Aim of the exercise =>
Set down every record below exactly as it stands, with the pictures omitted.

__________

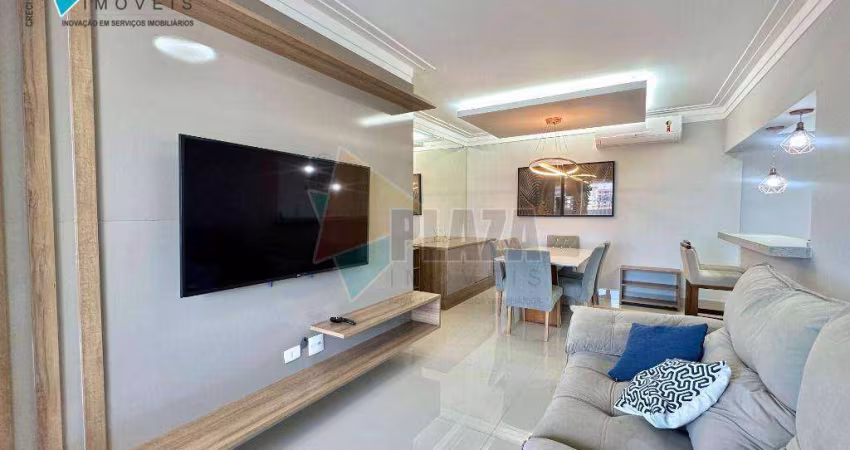 Apartamento mobiliado com 3 quartos e vista mar, disponível para alugar, no Canto do Forte, em Praia Grande/SP.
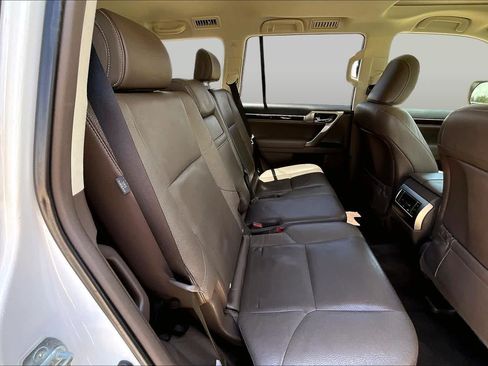 Used 2016 Lexus GX 460 AWD/4WD image 19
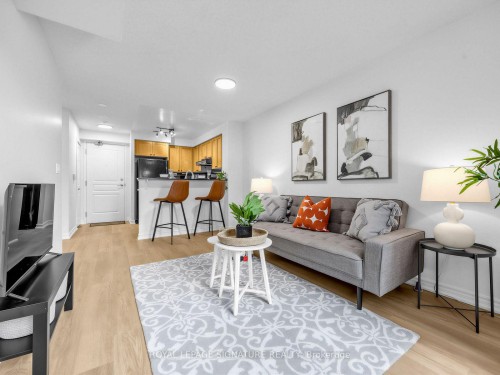 220-16 Dallimore Circle, Toronto, ON - Indoor Photo Showing Living Room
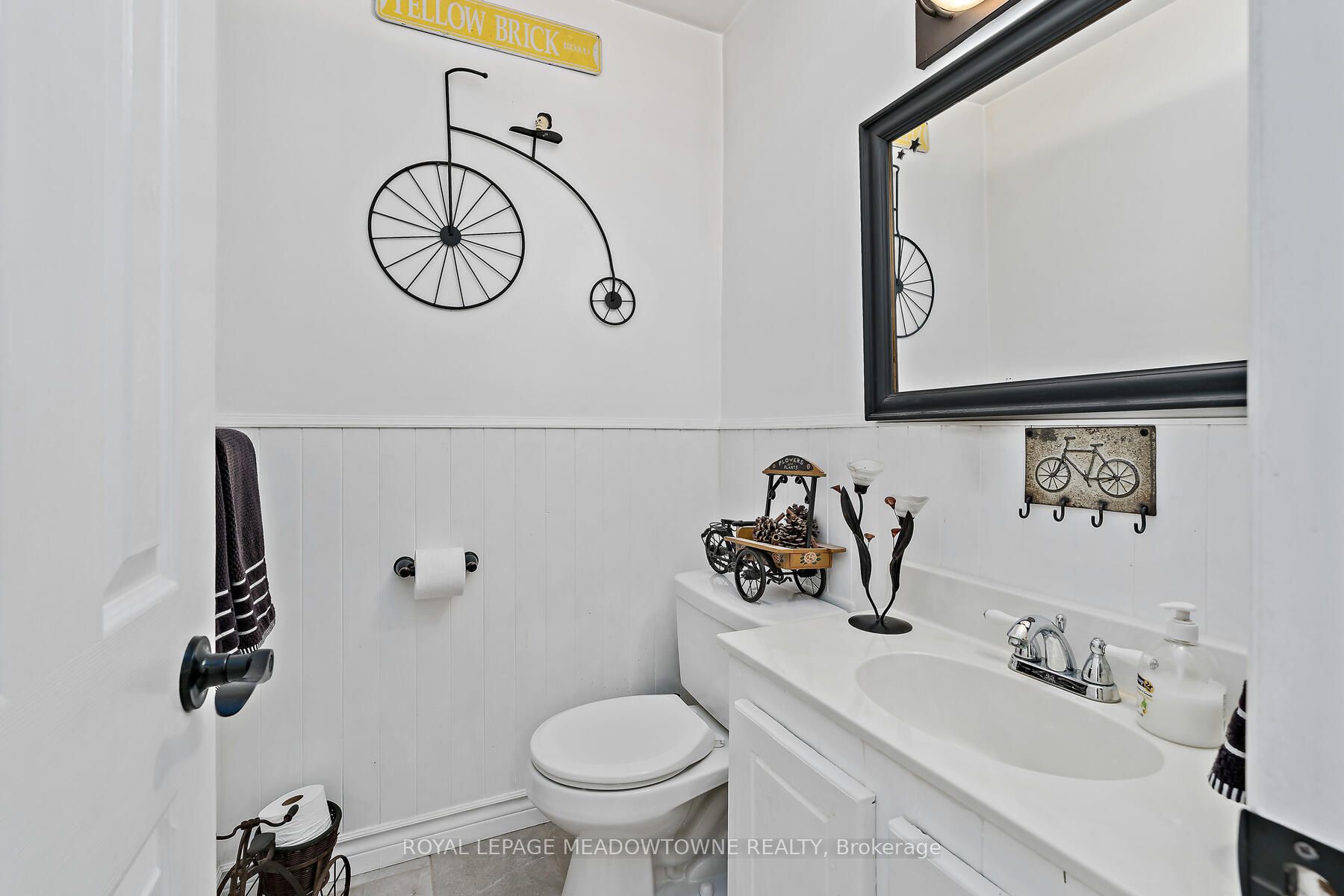 6 Baylor Cres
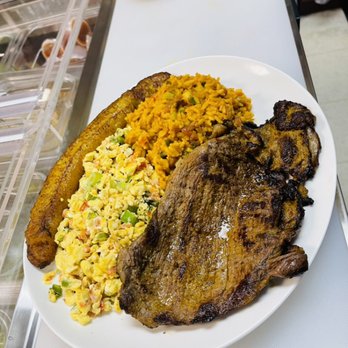 Restaurante El Sembrador Bakery - Calentado con huevos pericos y carne asada - Desserts Near Me - Queens, New York Restaurante El Sembrador Bakery - Calentado con huevos pericos y carne asada - Desserts Near Me - Queens, New York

__________

Solution below =>
 Apartamento mobiliado com 3 quartos e vista mar, disponível para alugar, no Canto do Forte, em Praia Grande/SP.
 Used 2016 Lexus GX 460 AWD/4WD image 19
 220-16 Dallimore Circle, Toronto, ON - Indoor Photo Showing Living Room
 6 Baylor Cres
 Restaurante El Sembrador Bakery - Calentado con huevos pericos y carne asada - Desserts Near Me - Queens, New York Restaurante El Sembrador Bakery - Calentado con huevos pericos y carne asada - Desserts Near Me - Queens, New York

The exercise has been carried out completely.